Le Fresnoy - Jusqu’au 30 décembre 2012

Par Philippe Piguet · L'ŒIL

Le 9 novembre 2012 - 333 mots

« Comment va le monde, Môssieu ? Il tourne Môssieu ! », s’interrogeait et s’exclamait tout à la fois l’auteur dramatique François Billetdoux en 1964 dans une pièce créée au théâtre de la Colline.

L’écrivain y mettait en scène deux compagnons échappés d’un camp de concentration, héros d’un grand western métaphysique, en quête du rêve américain. Près de cinquante ans plus tard, Georges Didi-Huberman, philosophe et anthropologue [lire portrait p. 28], considérant la figure mythique d’Atlas, s’est interrogé à sa manière sur « Comment porter le monde sur son dos ? » Point commun à ces deux aventures, l’idée d’embrasser l’espace et la tentative dans l’unicité temporelle d’une (re)présentation d’inviter le spectateur à l’expérience d’une épopée.

L’exposition que Didi-Huberman a conçue pour Le Fresnoy fait suite à trois variantes antérieures, successivement présentées à Madrid, à Karlsruhe et à Hambourg. Elle procède en quelque sorte de l’association d’une campagne de photographies prises par Arno Gisinger de ses précédentes expositions et d’une quarantaine d’extraits de films projetés, les uns cultes, les autres non, aux motifs d’« histoires de fantômes pour grande personne ». De cette association, il résulte une double expérience mémorielle et sensible d’autant que les projections occupent le sol de la grande nef en une sorte de montage-collage visible notamment en plongée depuis les coursives.

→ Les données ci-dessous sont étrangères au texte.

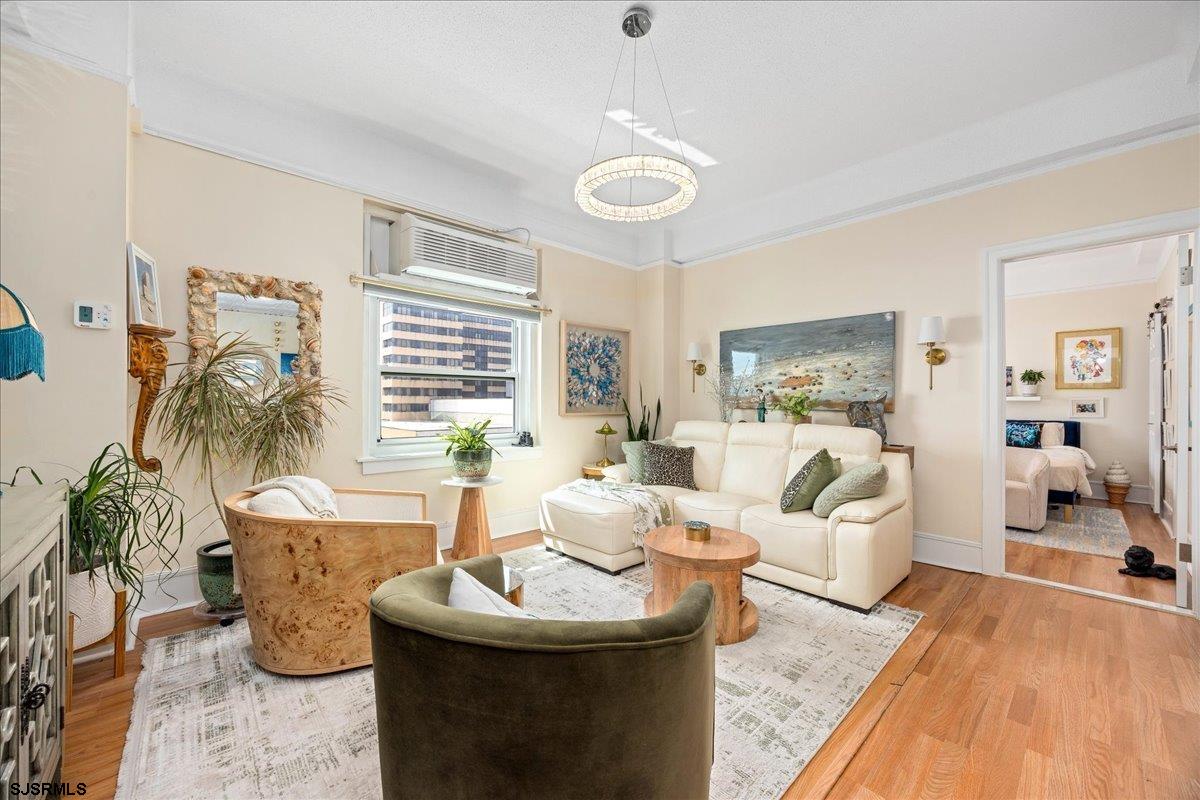 2721 Boardwalk Unit: 809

Aux dires du commissaire de l’exposition lui-même, sa démarche est un hommage contemporain à l’œuvre d’Aby Warburg, célèbre historien de l’art, fondateur de l’iconologie, une méthode d’analyse qui consiste, selon ce dernier, à « opérer une décomposition [de l’œuvre] qui en fera apparaître clairement l’hétérogénéité matérielle ou essentielle ». La sorte de gigantesque planche d’atlas que Didi-Huberman a imaginée appartient tant à l’idée de « grand livre » de l’histoire de l’humanité qu’à celle de « musée imaginaire ». Dans tous les cas, le monde y est rendu à l’état d’une invasive et singulière fresque animée.

Voir « Histoire de fantômes pour grandes personnes »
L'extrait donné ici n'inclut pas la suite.